Mit Pumpe Teich "angezapft"

Daraufhin wurde eine Pumpe zum Teich transportiert, aufwändig ein langer Schlauch verlegt und so bekamen die Feuerwehrleute am Brandherd endlich ausreichend Wasser. Bis dahin brannte das Feuer natürlich kräftig und kaum gehindert weiter. Am nächsten Morgen stellte sich dann heraus, dass der Feuerlöschwasserhydrant - welcher zehn Meter vom Brandherd entfernt steht - kein Wasser in der Zuleitung hat! .

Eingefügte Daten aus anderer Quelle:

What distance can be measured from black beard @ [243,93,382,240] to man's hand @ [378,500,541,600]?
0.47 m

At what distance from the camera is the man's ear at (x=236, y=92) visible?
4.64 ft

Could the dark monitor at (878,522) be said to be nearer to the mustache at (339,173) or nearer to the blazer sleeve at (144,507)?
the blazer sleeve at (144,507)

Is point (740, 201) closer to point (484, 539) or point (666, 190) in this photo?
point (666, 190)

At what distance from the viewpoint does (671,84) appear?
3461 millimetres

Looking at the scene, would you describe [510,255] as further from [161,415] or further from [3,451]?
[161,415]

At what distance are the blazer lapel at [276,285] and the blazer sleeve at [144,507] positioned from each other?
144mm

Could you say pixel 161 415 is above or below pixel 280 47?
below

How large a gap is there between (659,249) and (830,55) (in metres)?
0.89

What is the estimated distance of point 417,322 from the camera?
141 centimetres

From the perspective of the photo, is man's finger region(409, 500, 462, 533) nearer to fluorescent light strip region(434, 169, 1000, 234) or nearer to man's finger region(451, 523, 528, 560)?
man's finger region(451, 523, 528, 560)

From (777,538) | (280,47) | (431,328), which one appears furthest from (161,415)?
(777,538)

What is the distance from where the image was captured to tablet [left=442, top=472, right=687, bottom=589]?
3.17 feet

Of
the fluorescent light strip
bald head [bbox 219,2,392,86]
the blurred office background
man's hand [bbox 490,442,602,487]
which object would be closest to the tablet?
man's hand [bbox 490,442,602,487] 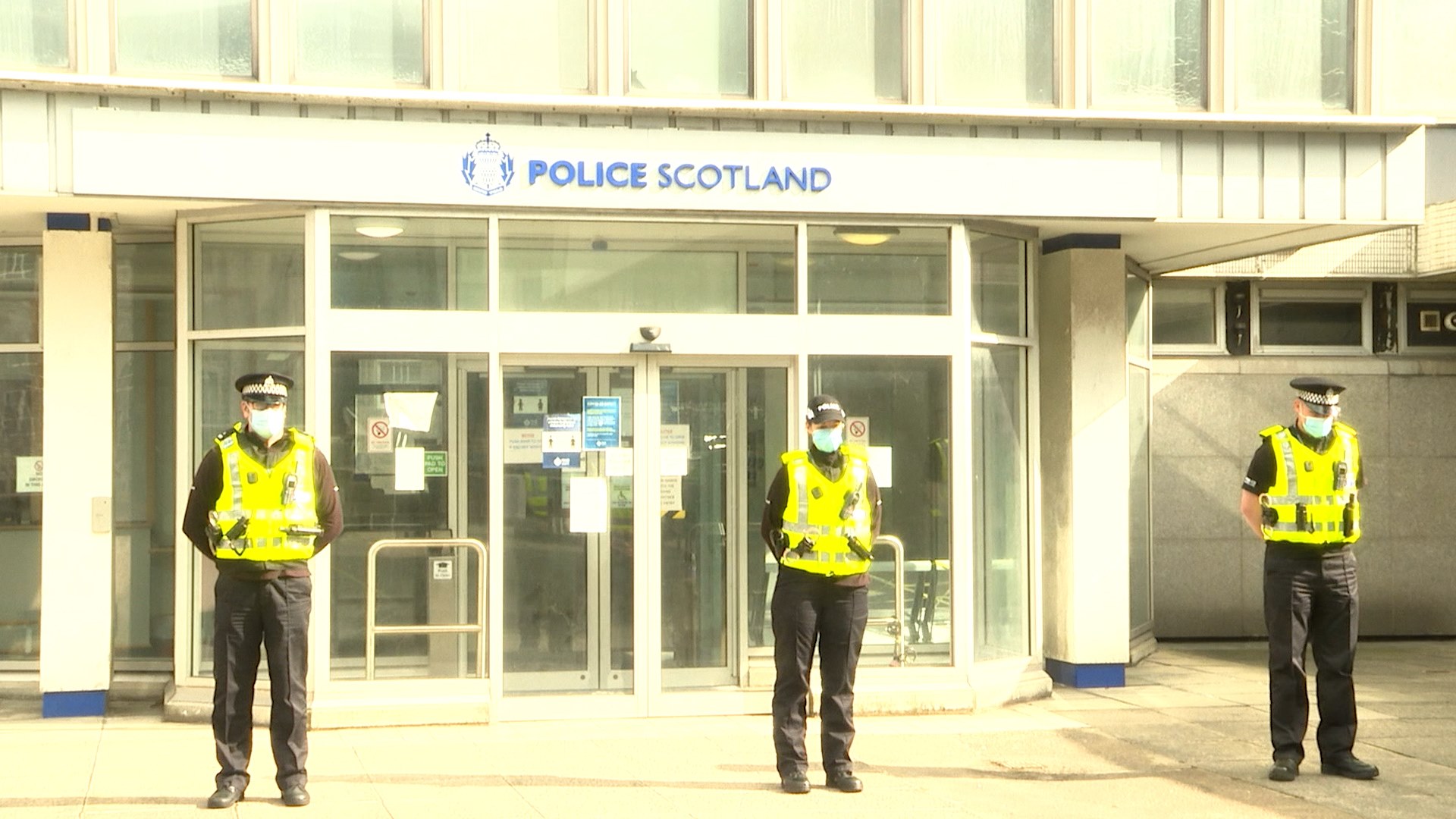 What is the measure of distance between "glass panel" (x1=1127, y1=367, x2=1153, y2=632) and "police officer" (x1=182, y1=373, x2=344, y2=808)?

Neben dem Feuerlöschhydranten befindet sich außerdem in der Fahrbahn ein Zugang zur Trinkwasserversorgungsleitung mit einem Anschluss für einen Löschwasserhydranten. Dieser Anschluss konnte in der Brandnacht nicht geöffnet werden, da ein Feuerlöschfahrzeug darauf stand. Wenn nicht, hätte das auch nichts genutzt, da der notwendige Schieber nicht zu öffnen war.
Festgestellt hat man das am Morgen danach. Nachdem man einen Hydranten angeschraubt hatte, konnten selbst drei kräftige Feuerwehrleute den notwendigen Schieber nicht öffnen. Also auch kein Wasser. Eine dritte mögliche Zapfstelle war in den Plänen nicht eingezeichnet. Wurde deshalb nicht gesucht und nicht gefunden."

Felix Gorris lobt ausdrücklich, dass die Einsatzkräfte "ihren Auftrag gewissenhaft und mit viel Einsatz erledigt" haben und dankt ihnen dafür. Die zuständigen Behörden, die für die drei in unmittelbarer Nähe des Brandherds vorhandenen möglichen Löschwasser-Anschlussstellen zuständig sind, müssten sich jedoch "Fragen gefallen lassen", denn: "Man mag sich nicht die gleiche Situation an einem mehrgeschossigen, bewohnten Mehrfamilienhaus vorstellen."

10.000 Liter Wasser am Einsatzort

Joachim Herbrand von der Feuerwehr Ratingen, der den Einsatz leitete, kann diese Darstellung nicht bestätigen: "Wir haben unmittelbar nach dem Eintreffen mit dem Löschen begonnen. In den Tanks unserer Fahrzeuge befanden sich 10.000 Liter Wasser." Daher sei das Einsatzziel von Vornherein nicht gefährdet gewesen.

Richtig sei, dass ein Vorschieber nicht entdeckt werden konnte, da er mit Erdreich bedeckt war. Ein weitere Hydrant war defekt. "Nur zehn Meter weiter, also in unmittelbarer Nähe der Einsatzstelle, gab es aber eine weitere dritte Entnahmestelle für Wasser, die wir genutzt haben." Etwa gleichzeitig hätten ein Anwohner und ein Feuerwehrmann die Idee gehabt, zusätzlich den nahe liegenden Teich zu nutzen, was auch geschehen sei. "Das ist aber kein Löschwasserteich, daher musste wir einen hohen Aufwand betreiben", sagt Joachim Herbrand. Er verweist darauf, dass der Brandort in einem Außenbereich liegt, was für die Feuerwehr einige Erschwernisse mit sich bringe. Vor diesem Hintergrund sei am Ablauf des Einsatzes nichts auszusetzen.

Wichtig: Da wegen Brandstiftung ermittelt wird, bittet die Polizei unter Telefon 02102/99816210 um Zeugenhinweise.